Il mondo è sempre meno pacifico

Nel 2017 il mondo è diventato un po’ meno pacifico dell’anno precedente, ed è la quarta volta consecutiva che accade, secondo l’ultimo rapporto del Global Peace Index. L’indice del centro di ricerca internazionale Institute for Economics and Peace tenta di verificare la situazione a livello dell’intero pianeta e dei singoli Stati. È un indicatore basato non solo sull’esistenza di una vera e propria situazione di conflitto con un altro Stato o di una guerra civile interna, ma anche su altri parametri. Se uno Stato sia più o meno pacifico e se faccia o meno progressi rispetto all’anno precedente dipende anche dagli omicidi e dai crimini violenti in generale che si registrano al suo interno, dalle relazioni che ha con gli altri Paesi, dalle spese militari e da altri 20 indicatori che vengono raggruppati in tre categorie: sicurezza, conflitti in corso, militarizzazione.

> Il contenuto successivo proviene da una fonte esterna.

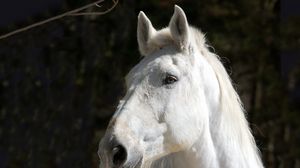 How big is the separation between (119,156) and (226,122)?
0.71 meters

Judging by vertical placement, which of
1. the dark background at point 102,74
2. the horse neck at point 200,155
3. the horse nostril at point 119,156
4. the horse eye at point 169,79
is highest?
the horse eye at point 169,79

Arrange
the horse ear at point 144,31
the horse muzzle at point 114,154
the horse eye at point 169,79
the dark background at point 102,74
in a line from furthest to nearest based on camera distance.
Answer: the dark background at point 102,74, the horse ear at point 144,31, the horse eye at point 169,79, the horse muzzle at point 114,154

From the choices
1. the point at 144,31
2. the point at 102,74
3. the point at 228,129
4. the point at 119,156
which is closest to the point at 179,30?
the point at 144,31

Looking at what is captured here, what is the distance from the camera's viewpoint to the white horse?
319 centimetres

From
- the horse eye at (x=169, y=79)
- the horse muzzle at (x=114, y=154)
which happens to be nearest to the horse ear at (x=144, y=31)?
the horse eye at (x=169, y=79)

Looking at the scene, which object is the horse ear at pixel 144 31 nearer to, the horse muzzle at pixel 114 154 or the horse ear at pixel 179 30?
the horse ear at pixel 179 30

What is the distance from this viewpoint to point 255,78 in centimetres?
917

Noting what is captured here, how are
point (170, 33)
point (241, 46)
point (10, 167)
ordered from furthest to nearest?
point (241, 46) → point (10, 167) → point (170, 33)

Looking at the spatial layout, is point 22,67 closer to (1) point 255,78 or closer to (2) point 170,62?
(1) point 255,78

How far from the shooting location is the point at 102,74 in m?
8.93

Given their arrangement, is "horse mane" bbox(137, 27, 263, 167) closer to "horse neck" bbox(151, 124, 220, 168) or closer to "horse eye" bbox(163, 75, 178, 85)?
"horse neck" bbox(151, 124, 220, 168)

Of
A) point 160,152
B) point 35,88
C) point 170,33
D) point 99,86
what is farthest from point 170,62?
point 99,86

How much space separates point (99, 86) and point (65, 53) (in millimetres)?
630

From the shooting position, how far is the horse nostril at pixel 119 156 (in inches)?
122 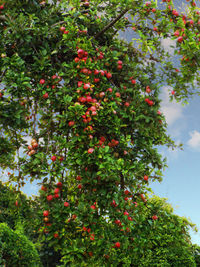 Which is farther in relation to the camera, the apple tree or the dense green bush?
the dense green bush

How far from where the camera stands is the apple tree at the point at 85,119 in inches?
156

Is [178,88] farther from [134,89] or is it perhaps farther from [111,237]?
[111,237]

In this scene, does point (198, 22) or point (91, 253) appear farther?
point (198, 22)

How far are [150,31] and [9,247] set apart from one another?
5507 millimetres

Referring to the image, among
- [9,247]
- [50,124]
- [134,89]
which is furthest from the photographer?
[9,247]

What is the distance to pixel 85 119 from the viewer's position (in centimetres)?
396

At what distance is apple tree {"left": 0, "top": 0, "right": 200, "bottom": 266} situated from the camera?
396 centimetres

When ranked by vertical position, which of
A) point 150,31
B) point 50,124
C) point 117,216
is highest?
point 150,31

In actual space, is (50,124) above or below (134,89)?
below

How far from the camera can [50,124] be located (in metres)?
4.61

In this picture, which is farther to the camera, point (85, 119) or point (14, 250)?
point (14, 250)

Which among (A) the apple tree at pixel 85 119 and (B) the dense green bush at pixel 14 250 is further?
(B) the dense green bush at pixel 14 250

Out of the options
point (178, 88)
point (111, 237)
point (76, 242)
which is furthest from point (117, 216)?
point (178, 88)

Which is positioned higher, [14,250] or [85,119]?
[85,119] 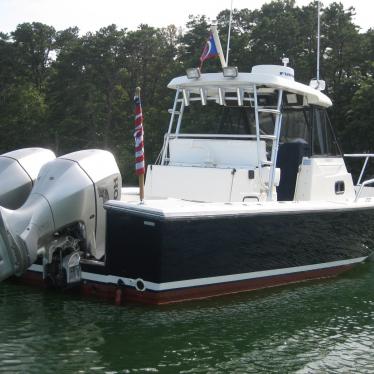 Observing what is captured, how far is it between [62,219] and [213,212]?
62.8 inches

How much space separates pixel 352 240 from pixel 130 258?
3.78m

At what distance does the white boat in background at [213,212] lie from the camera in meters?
6.25

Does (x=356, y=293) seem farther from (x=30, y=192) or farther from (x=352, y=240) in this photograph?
(x=30, y=192)

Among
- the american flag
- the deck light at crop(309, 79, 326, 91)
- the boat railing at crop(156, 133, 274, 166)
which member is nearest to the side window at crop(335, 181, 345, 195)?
the boat railing at crop(156, 133, 274, 166)

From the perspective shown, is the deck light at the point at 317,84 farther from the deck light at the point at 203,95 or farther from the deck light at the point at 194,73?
the deck light at the point at 194,73

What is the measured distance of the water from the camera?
5031mm

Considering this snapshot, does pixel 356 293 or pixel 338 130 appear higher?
pixel 338 130

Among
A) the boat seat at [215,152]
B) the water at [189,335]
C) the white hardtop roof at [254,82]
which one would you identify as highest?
the white hardtop roof at [254,82]

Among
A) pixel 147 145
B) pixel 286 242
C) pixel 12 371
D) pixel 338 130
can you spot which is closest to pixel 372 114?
pixel 338 130

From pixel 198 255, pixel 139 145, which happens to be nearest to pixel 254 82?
pixel 139 145

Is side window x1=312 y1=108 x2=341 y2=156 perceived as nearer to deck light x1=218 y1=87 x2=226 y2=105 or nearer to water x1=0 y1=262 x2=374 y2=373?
deck light x1=218 y1=87 x2=226 y2=105

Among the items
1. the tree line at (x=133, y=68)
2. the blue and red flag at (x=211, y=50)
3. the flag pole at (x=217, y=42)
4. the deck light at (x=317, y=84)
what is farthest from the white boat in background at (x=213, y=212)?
the tree line at (x=133, y=68)

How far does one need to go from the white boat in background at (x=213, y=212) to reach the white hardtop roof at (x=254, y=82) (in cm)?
2

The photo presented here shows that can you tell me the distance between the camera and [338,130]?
24.8 metres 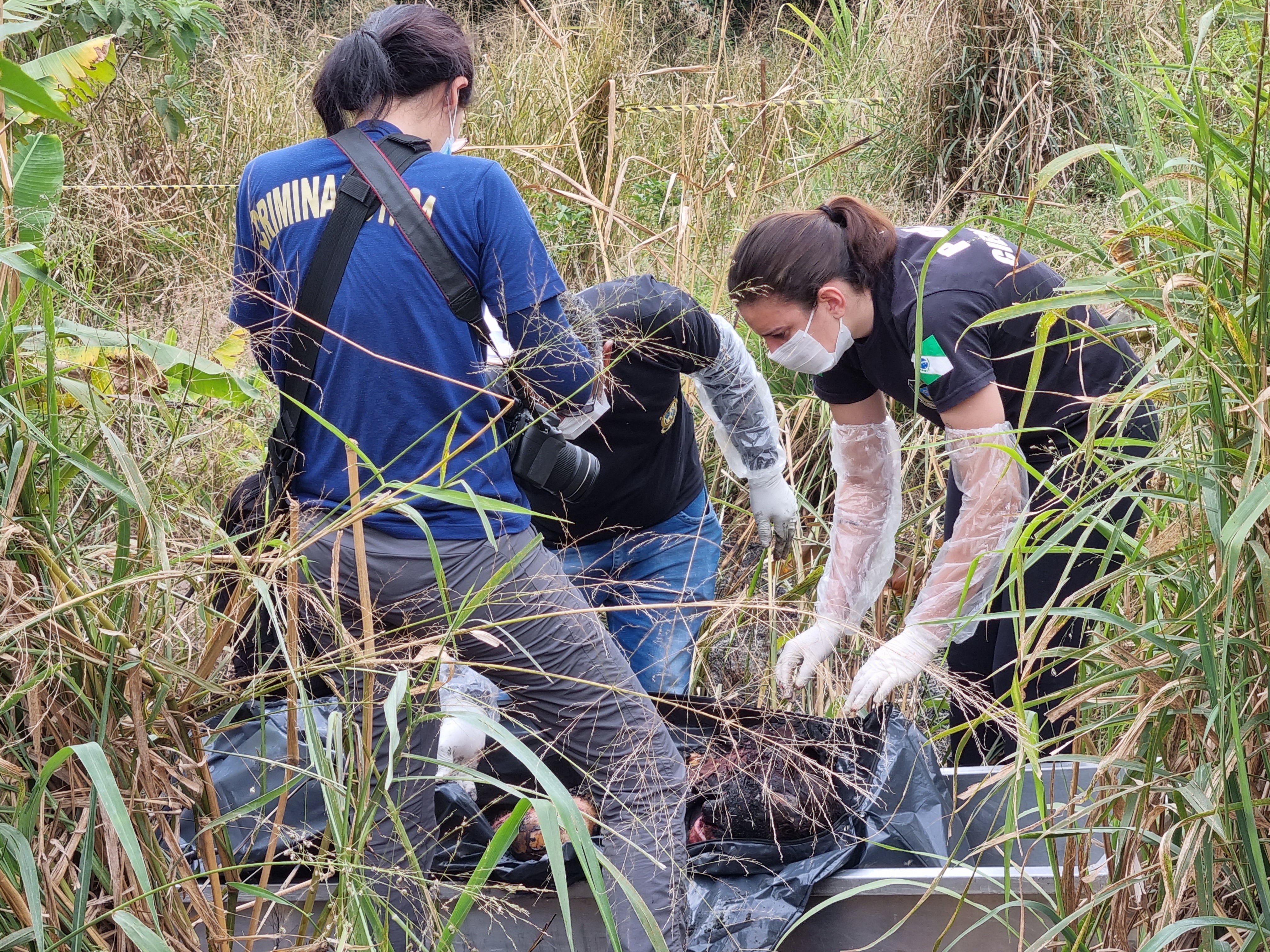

Il Paese più pacifico del mondo risulta essere l’Islanda (sopra, un panorama di Reykjavik), che mantiene questo primato da dieci anni, seguita da Nuova Zelanda, Austria, Portogallo e Danimarca. L’Italia si trova al 38esimo, con un punteggio che viene definito di alta pacificità. All’ultimo posto si trova da cinque anni ormai la Siria, preceduta da Afghanistan, Sud Sudan, Iraq, Somalia, Yemen e Libia. Anche Russia e Ucraina, Corea del Nord e Turchia, Pakistan e Nigeria sono nella lista dei Paesi meno pacifici del pianeta. La situazione è peggiorata in 92 Stati e migliorata solo in 71.

In generale, l’Europa resta l’area del mondo meno conflittuale (Medio Oriente e Nord Africa resta invece l’area più conflittuale), ma anche nel nostro Continente le cose sono andate peggio nel 2017 per il terzo anno consecutivo.

La pace rende dal punto di vista economico. I Paesi più pacifici hanno fatto registrare tassi di crescita del Prodotto interno lordo tre volte superiori rispetto a quelli meno pacifici negli ultimi settant’anni. E il reddito pro capite delle nazioni in cui la situazione è migliorata è cresciuto sette volte di più rispetto a quelli in cui è peggiorata.